En été 2017, il fallait commencer les échanges, et une place de marché était a bâtir. Ne voulant plus attendre, et Cgeek a lancé gannonce comme un PoC, et de mon côté j’ai sorti un peu plus tard gchange. 15 jours de dev pour sortir les annonces du code de Cesium, dans une plateforme autonome.

A l’avenir, il est clair qu’il faut améliorer la différence des comptes (uid/MDP). Il y a plein de manières d’y arriver. On peut simplement changer les paramètres de Scrypt, ou encore vérifier qu’aucun compte G1 n’existe avant d’accepter la création du compte, etc.

Bref, la question importante est elle « why ? », ou bien plutôt « comment faire mieux » ? (Dans la langue de nos ancêtres)

1 J'aime

And this credentials are also the same as scuttlebutt :wink:
I don’t know how much crypto stuff have choosen the same « scrypt »… It could lead to singularity loops…

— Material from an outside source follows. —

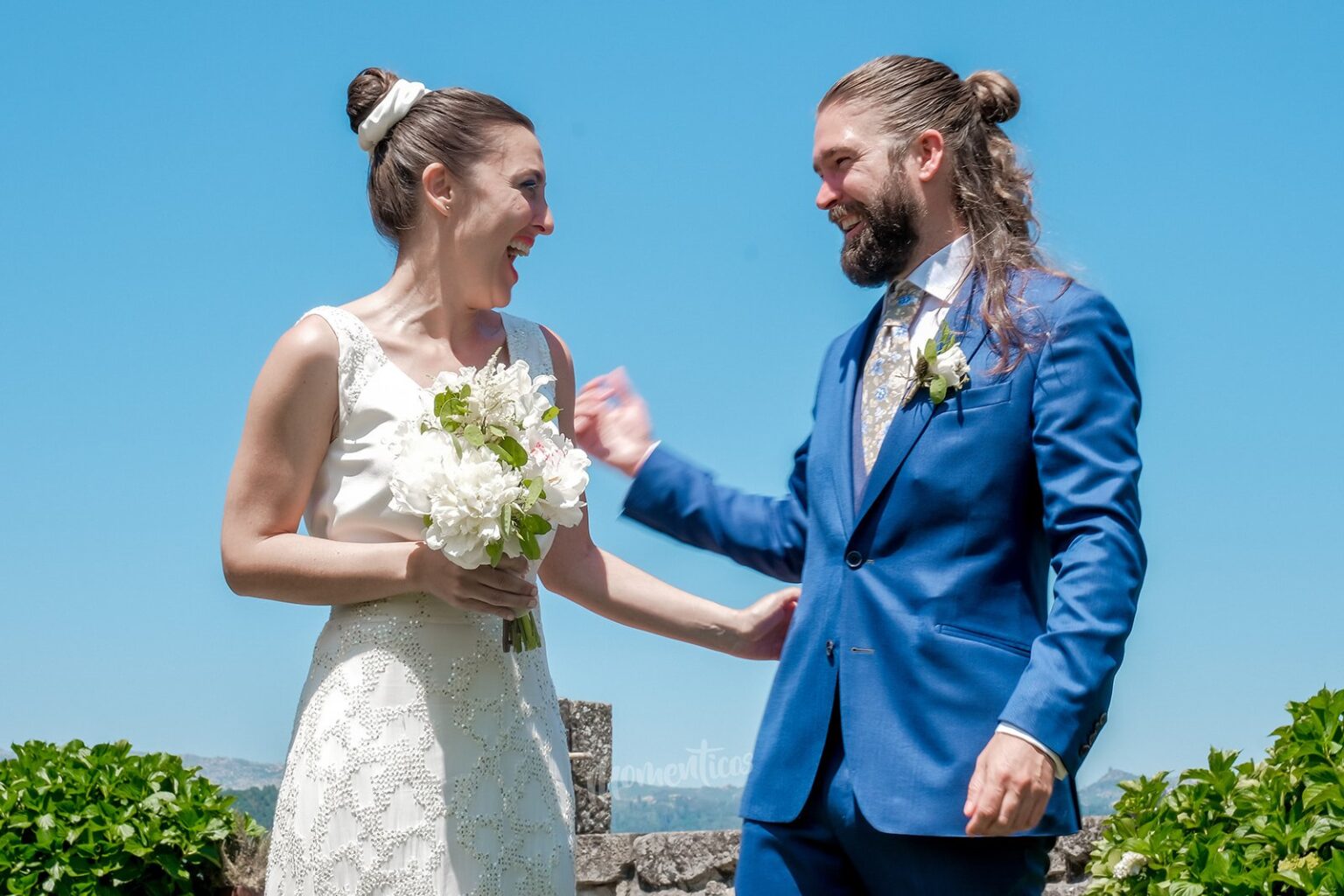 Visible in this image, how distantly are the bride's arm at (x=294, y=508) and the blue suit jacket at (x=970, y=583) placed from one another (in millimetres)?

But this elliptical loops are strong enough to resist to computer attack…
The combinations universe of the key is large enough to count 1/4 of the atoms of the visible Universe!
The problem is « toto » / « toto » effect if you let Human choose its own credentials in this « crystal space ».

I think mnemonics is a good solution, in between computer and human memory strength…
Since I am getting into crypto and chains, I realize that this relationship is often forgotten by the developpers… It is crucial to organise a good and easy « Key management ».